In their store they sold candy bars and little bags of nuts and chips and had a big red Coca-Cola cooler. But mostly Joe sold lures and issued fishing licenses as he was the Town Clerk.
Our cabin was one of the five that were a little past the main complex. More secluded and in a heavily-wooded area, it was simple country living in the Catskill Mountains.
If you crossed the road which ran in front of the complex you were on the banks of the Esopus River. (Calling it a river was to elevate it’s status greatly. It was more like a creek – perhaps a total of 30 feet across at its widest). But as small as it was it was filled with life – trout and bottom-feeding catfish, frogs – and me!
After breakfast each morning I would go down to the river, having waited the obligatory one hour to digest my food, and go swimming or playing with the other guests’ children. (My parents required that I spend these hour-long breaks reading the books that we had selected for my summer reading list).
Somehow, I had a built-in clock and knew when it was lunchtime – and I would head back to the cabin for the noon meal. Another hour’s wait and back to the river until dinner. And so my summer days were spent – the exception being that on rainy days I really put a dent in my reading list.
After dinner, grandma, our cocker spaniel, Andy and I would sit outside as the sun began to fade, enjoying the beauty of the pine and oak trees and watching the birds wend their way home. There was no television in the cabin and the only music we heard was the chirping of the crickets as we watched the fireflies flash their lights on and off.

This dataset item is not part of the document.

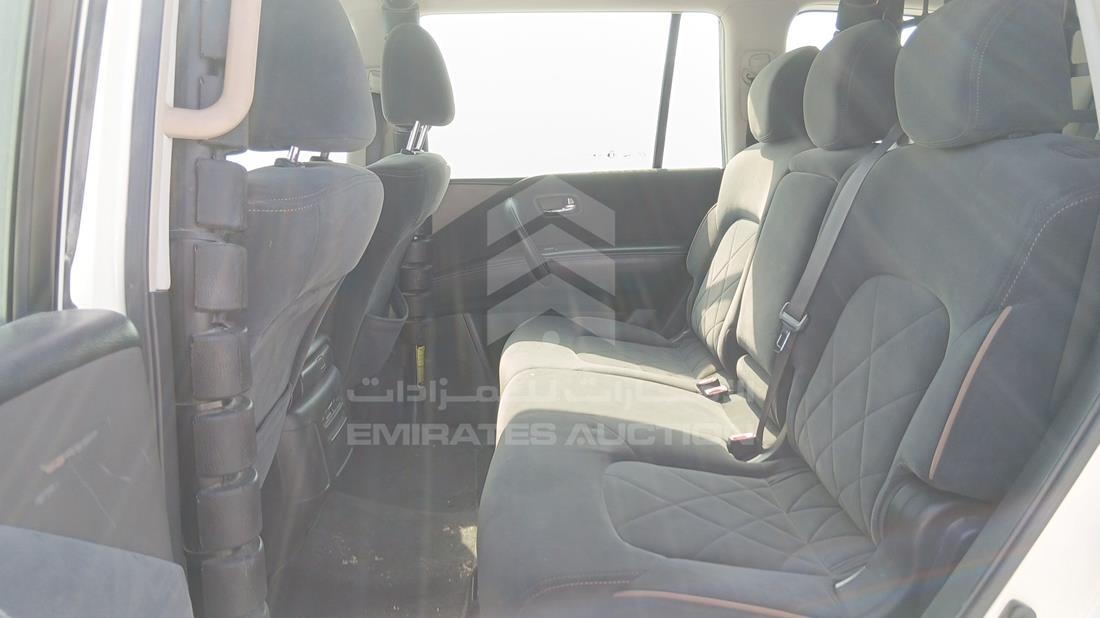 نيسان باترول 2019 — زاوية الراكب الخلفي اليسرى — صورة 21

Although Joe and Anne were happy to drive us the seven miles into Phoenicia (the closest town that had a small grocery store), grandma never imposed on them. She planned her purchases to meet our needs until my parents came on their bi-weekly visits. And besides, we had Mr. Bertelli.
Three times a week, Mr. Bertelli would slowly drive his faded red pickup truck down the main road. As he drove, he clanged a loud bell to alert his customers that he was there. (Painted on the side of his truck was a sign that said, “G. Bertelli & Sons. Finest Watermelon in New York).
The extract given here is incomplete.